駅前の通りは割と品川に似ている。人通りもそれなりにあり、人の生活を感じる。時折運河が走っていて、街に個性を添えている。まるで連なる島を一つにまとめているようだ。島によって、市街地、工場地とそれぞれの色も違う。そう思いながら歩くと、地区のかおりのようなものを感じられて楽しい。

歩きながらわかってきたことだが、ここはいわゆる「芝浦」というエリアのようだ。芝浦工業大学のキャンパスもあるし、海の方へゆけば、芝浦埠頭がある。不勉強でわからないが、落語の「芝浜」もこの辺なのかもしれない。落語の中で「朝靄」だった光景が、今日の曇天・うっすらとかかる霧とシンクロしている。
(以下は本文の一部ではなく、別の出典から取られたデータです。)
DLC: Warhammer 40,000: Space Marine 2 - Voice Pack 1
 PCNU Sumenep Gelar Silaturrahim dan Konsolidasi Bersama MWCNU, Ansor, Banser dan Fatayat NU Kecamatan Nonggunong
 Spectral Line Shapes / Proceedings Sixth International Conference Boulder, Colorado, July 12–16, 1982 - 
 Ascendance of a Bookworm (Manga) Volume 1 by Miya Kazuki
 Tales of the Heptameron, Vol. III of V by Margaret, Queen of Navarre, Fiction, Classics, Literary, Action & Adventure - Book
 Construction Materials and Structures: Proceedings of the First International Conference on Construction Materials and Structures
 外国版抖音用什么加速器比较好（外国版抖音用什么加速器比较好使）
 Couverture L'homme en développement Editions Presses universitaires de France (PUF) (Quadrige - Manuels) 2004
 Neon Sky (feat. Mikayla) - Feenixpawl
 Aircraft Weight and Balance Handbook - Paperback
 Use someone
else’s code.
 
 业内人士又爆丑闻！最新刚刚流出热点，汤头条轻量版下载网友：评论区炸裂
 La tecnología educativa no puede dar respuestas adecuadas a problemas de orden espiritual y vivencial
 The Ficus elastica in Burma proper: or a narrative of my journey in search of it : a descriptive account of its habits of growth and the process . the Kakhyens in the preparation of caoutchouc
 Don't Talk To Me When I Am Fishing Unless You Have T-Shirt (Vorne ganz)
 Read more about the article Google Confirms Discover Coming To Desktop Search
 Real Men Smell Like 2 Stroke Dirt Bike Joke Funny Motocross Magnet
大金でも落ちてないかな、なんて思いながら歩いたわけではないが、思えば、こうやって午後に内地にある家を出て、こんな海の目の前にまできているなんて、不思議な夢でも見ているかのようだ。

f:id:LeFlaneur:20210912222905j:plain

潮彩橋というらしい。欄干のカモメがちょっとシュールだ。

 

子供連れで賑わう「埠頭公園」を抜け、しばらく歩くと、倉庫が立ち並んでいる界隈に来る。上空をモノレールが走り、曇天と鉄の倉庫が硬い空気を作り出している。ガードレールには所々錆がついていて、道を歩く人はほとんどいない。雑草も伸び放題である。埠頭公園のあたりに、「レインボープロムナード」はこちら、という看板があって、その方向に歩いてきたのだが、まさかこの裏寂れた道がレインボープロムナードなのだろうか。少し首を傾げつつ、浜松方面へと進む。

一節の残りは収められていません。